Ma il confine tra barbari e santi non passa per questa distinzione. Io sono un barbaro figlio di barbari. Mia madre tornò a casa quando ero al liceo dicendo che si era licenziata da un posto fisso perché lo considerava monotono, e con cinque milioni di lire in banca cercò di aprire un’impresa. Io ricordo che allora ebbi paura, ma rispettai la decisione di mia madre e non dissi niente. Vent’anni dopo io feci lo stesso, tornai a casa da un bel posto fisso in banca, e dissi a mia madre che mi ero licenziato perché non ce la facevo più. Lei, che ora era su una sedia a rotelle, ebbe paura, ma rispettò la mia decisione e non disse nulla. E allora capimmo entrambi che io e lei avevamo in comune una cosa sola: l’amore per il lavoro. E questo ci rendeva barbari.
Questo è il discrimine. I barbari vogliono una società in cui sul lavoro si competa: dal lavoro ci se ne va, se non risponde alle nostre aspettative, ma un lavoro nuovo si può riconquistare e, ma ai barbari capita raramente perché siamo abituati a lottare, il lavoro si può anche perdere perché arriva qualcuno migliore di noi.
In una società bloccata dal posto fisso, i barbari sono presi per pazzi, perché ogni volta che se ne vanno fanno un salto nel buio. Per anni ho avuto il senso di colpa del giocatore d’azzardo per il piacere che ho provato quando ho mandato al diavolo il mio posto fisso e ho riconsegnato il mio badge di bancario. Ma questo è il destino dei barbari in una società in cui il divorzio da un posto fisso che non ti piace non è riconosciuto come un diritto e un valore. L’equivalente del back-door man nel sesso, nel lavoro è il gambler..

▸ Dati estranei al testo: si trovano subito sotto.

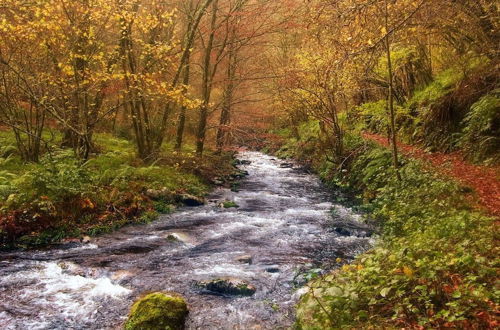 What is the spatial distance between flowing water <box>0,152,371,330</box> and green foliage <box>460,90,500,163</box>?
3966 millimetres

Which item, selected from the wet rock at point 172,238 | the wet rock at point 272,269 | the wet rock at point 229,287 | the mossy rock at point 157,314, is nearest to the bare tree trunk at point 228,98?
the wet rock at point 172,238

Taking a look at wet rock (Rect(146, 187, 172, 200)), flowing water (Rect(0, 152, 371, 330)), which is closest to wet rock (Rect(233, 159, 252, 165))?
wet rock (Rect(146, 187, 172, 200))

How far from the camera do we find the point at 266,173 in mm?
22641

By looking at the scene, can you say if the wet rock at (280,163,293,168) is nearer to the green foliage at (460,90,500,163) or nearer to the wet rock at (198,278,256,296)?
the green foliage at (460,90,500,163)

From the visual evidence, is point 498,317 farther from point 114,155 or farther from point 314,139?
point 314,139

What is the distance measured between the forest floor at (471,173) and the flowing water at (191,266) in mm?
2829

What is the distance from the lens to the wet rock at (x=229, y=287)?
24.8ft

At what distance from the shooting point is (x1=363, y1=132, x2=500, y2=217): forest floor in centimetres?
880

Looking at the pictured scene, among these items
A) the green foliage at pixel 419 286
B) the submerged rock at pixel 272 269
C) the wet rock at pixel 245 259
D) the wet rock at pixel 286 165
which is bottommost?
the submerged rock at pixel 272 269

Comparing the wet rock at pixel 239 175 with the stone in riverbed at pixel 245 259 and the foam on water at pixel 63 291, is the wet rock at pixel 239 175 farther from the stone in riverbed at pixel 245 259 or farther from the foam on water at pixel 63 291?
the foam on water at pixel 63 291

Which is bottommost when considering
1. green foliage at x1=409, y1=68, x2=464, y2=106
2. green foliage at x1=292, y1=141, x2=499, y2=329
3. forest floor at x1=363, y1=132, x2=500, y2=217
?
green foliage at x1=292, y1=141, x2=499, y2=329

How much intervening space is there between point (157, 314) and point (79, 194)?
648 centimetres

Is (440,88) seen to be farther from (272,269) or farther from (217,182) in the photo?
(272,269)

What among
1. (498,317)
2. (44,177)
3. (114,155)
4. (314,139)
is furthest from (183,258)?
(314,139) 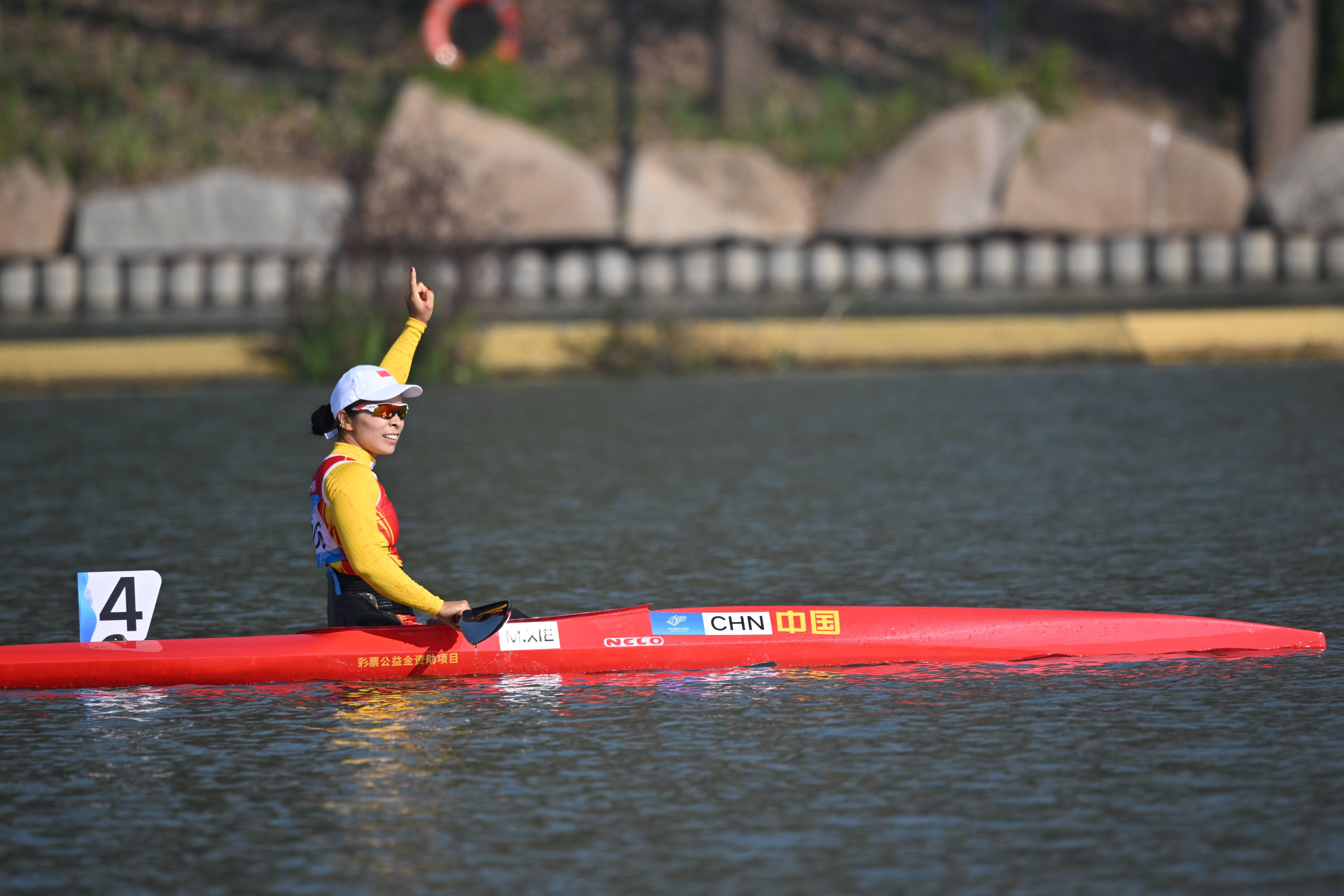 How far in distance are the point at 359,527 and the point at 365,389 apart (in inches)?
20.7

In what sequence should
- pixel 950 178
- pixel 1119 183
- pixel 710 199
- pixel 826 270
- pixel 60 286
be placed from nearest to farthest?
pixel 60 286, pixel 826 270, pixel 1119 183, pixel 950 178, pixel 710 199

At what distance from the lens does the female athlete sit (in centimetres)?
743

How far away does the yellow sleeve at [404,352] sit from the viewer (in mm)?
A: 8281

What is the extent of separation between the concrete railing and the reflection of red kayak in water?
1729 cm

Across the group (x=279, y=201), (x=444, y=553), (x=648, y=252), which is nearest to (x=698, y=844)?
(x=444, y=553)

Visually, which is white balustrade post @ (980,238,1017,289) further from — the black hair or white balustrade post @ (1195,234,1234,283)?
the black hair

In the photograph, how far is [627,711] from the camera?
7.18 metres

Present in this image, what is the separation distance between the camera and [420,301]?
830 centimetres

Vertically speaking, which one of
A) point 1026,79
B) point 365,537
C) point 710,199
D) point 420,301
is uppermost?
point 1026,79

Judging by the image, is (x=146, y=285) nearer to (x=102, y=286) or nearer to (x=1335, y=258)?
(x=102, y=286)

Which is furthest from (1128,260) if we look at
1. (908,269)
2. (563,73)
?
(563,73)

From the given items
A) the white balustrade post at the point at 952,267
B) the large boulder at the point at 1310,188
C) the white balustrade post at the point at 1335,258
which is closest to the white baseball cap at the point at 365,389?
the white balustrade post at the point at 952,267

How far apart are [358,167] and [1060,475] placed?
326 inches

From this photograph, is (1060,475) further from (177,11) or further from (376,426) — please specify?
(177,11) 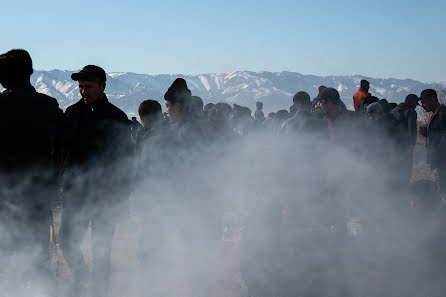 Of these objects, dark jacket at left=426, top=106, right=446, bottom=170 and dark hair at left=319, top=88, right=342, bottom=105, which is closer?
dark hair at left=319, top=88, right=342, bottom=105

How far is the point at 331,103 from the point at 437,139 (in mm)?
1434

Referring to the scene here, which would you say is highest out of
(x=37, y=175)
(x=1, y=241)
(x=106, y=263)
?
(x=37, y=175)

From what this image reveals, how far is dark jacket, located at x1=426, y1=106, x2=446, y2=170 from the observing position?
516 centimetres

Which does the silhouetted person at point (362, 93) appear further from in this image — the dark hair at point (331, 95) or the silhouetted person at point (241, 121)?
the dark hair at point (331, 95)

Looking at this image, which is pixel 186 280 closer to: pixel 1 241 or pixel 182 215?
pixel 182 215

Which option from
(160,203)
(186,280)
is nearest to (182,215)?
(160,203)

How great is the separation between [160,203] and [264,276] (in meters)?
1.14

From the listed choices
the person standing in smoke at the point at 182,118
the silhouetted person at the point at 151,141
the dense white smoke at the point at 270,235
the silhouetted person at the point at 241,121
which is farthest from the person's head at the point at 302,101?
the silhouetted person at the point at 241,121

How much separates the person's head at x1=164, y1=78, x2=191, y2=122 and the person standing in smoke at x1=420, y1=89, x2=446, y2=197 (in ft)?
9.77

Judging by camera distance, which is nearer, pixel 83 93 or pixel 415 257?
pixel 83 93

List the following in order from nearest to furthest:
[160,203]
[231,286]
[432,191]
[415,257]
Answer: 1. [231,286]
2. [160,203]
3. [415,257]
4. [432,191]

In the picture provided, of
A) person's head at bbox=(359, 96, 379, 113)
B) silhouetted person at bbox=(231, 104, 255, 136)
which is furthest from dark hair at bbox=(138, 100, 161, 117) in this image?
silhouetted person at bbox=(231, 104, 255, 136)

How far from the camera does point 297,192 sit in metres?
5.46

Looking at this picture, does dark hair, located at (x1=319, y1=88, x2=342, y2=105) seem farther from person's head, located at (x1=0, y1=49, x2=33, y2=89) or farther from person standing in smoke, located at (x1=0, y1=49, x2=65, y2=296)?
person's head, located at (x1=0, y1=49, x2=33, y2=89)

Ma io prometto qui pubblicamente che non mi avvarrò mai del mio posto fisso per sottrarmi alla sfida di un giovane o vecchio che competa con me per il mio posto di lavoro. E se l’università di Bologna riterrà che io non possa contribuire a fare ricerca e formare persone, o se io riterrò che l’università di Bologna non me lo consenta più al meglio delle mie forze, o che qualcuno, che si candidi, possa farlo meglio di me, metterò in atto esattamente la stessa barbarie che ho fatto con la banca. E mi piace ricordare che lo stesso diceva Crozza in un monologo barbaro a Italialand, a proposito delle liberalizzazioni: ma se viene un giovane che entra da quella porta e fa ridere, perché no? Questa, la competizione, è la questione, la stessa del posto fisso. E, in attesa che ci venga riservata la stessa tolleranza che oggi viene rivolta ai divorziati, che vadano all’inferno i santi!